日本で働く外国人の人権が守られる法改正でなくてはならない。国会は看板のかけ替えで終わらせず、実効性のある制度となるよう議論を尽くす必要がある。

 外国人材受け入れの新制度「育成就労」を創設する入管難民法と技能実習適正化法の改正案が、与党などの賛成多数で衆院を通過した。参院に送られ、今国会で成立する公算が大きい。

 新制度は「外国人材育成・確保」を目的に、人手不足分野へ外国人労働者を呼び込む。人権侵害が指摘されてきた従来の技能実習を廃止し、転換を図るものだ。

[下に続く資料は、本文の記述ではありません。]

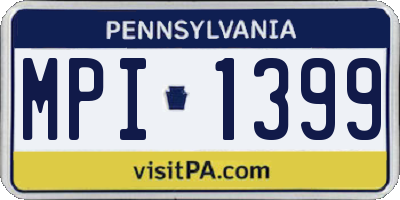 PA license plate MPI1399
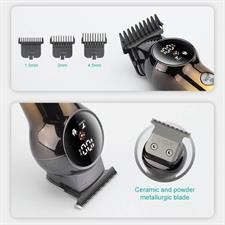 VGR V-989 Pro Li Outliner Rechargeable Electric Cordless Hair Clippers with Digital Display & Dual Motor Grooming Kits T-Blade Close Cutting 0mm Bald Head Clipper for Men 180 mins Runtime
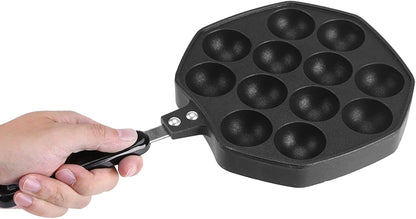 Home 12 Cavity Octopus Grilling Pan, Non Stick Pancake Maker for Takoyaki and Dessert Cakes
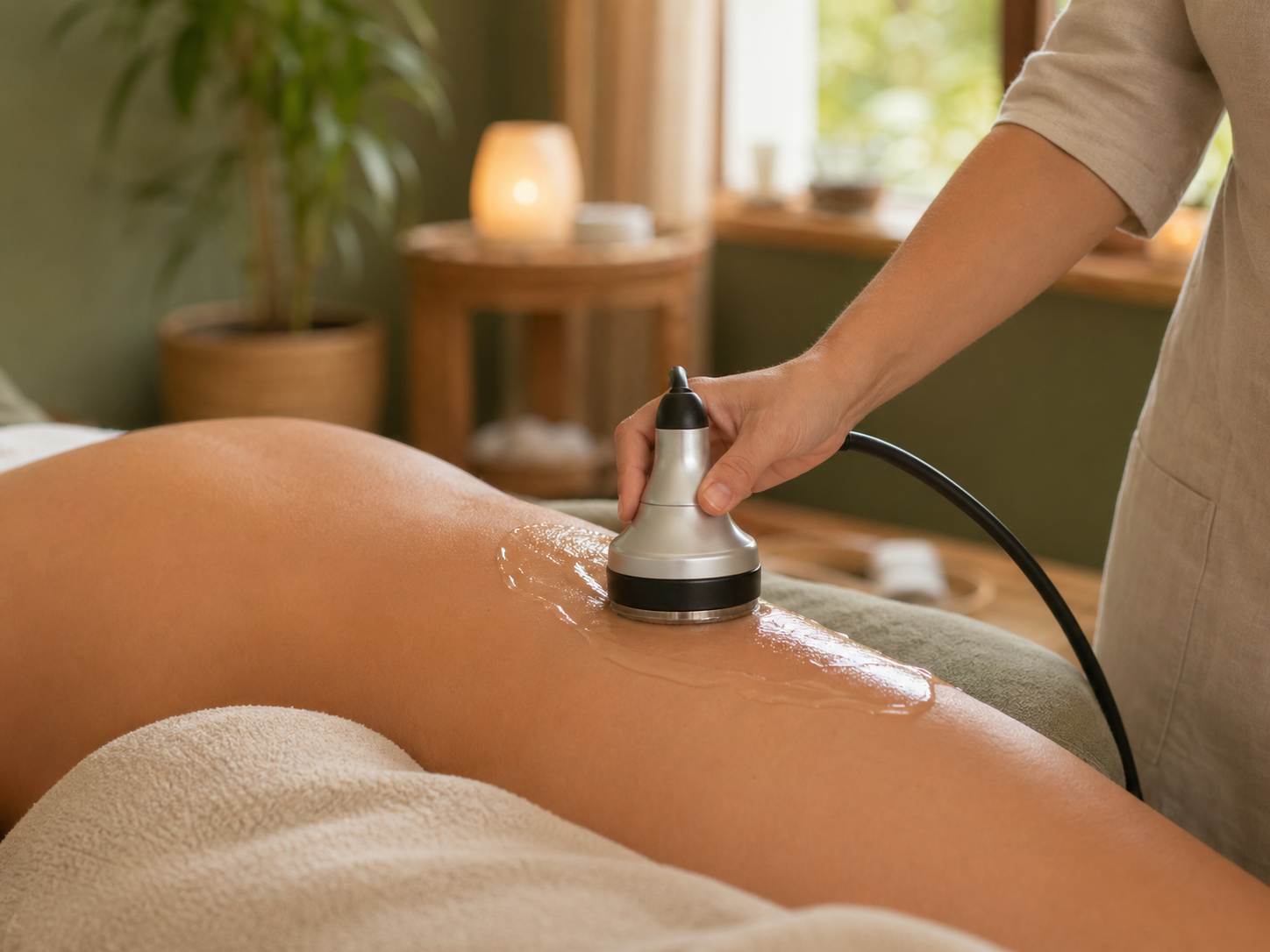 Kavitációs testkezelés folyamatban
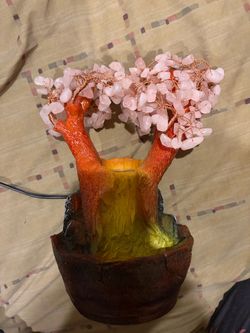 Waterfall tree with pink crystals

 育成就労として受け入れた外国人労働者を原則3年で育て、一定の技能を持ち、最長5年働ける特定技能1号への移行を促す。

 その後、熟練した技能を持つ特定技能2号に進めば、配偶者と子どもの帯同が認められ、事実上の永住が可能となる。

 公共交通や物流をはじめ幅広い産業で人手不足が深刻化する中、外国人材の長期就労に向けて、道筋を整えなくてはならない。

 改正案のポイントは、技能実習で原則禁止だった同じ業務分野で職場を変える「転籍」を認めたことだ。一つの職場で1年を超えて働き、一定の技能や日本語能力があれば転籍できる。

 技能実習では、暴力やハラスメントが各地で頻発した一方、原則として職場を変えられないため、失踪する実習生が相次いだ。

 職場に問題があれば速やかに転籍できるようにすることは、労働者を守る上で不可欠だ。

 ただ、改正案は当面、分野ごとに最長2年まで転籍を制限している。背景には、賃金が高い都市部に人材が集中し、地方の人材不足が懸念されることがある。

 転職の自由がなお制限され、人権が脅かされる懸念が拭えない。

 日本で働きたいと願う外国人に向けて、労働条件を改善していく必要がある。家族帯同をもっと早期に可能とするなど、生活環境についても検討すべき課題はある。

 新制度は人権侵害を防ぐため、受け入れ先を監督する監理団体を「監理支援機関」に改め、外部監査人を設置して中立性を高める。

 しかし、受け入れを民間が担う状況は変わらず、来日時に高額な手数料を徴収されたり、監理支援機関から適切に対処してもらえなかったりする恐れがある。本質的な問題解決となるか疑問だ。

 新制度は、将来的な永住者の増加を見込み、納税などの公的義務を故意に怠った場合は永住許可を取り消せる規定を新設する。

 だが、税の滞納なら、まずは日本人と同様に行政罰で対処するのが筋ではないか。永住許可の取り消し規定は、日本で長く暮らす外国人の立場を脅かしかねず、慎重であるべきだ。

 外国人と共存できる社会へ、国会には知恵を絞ってもらいたい。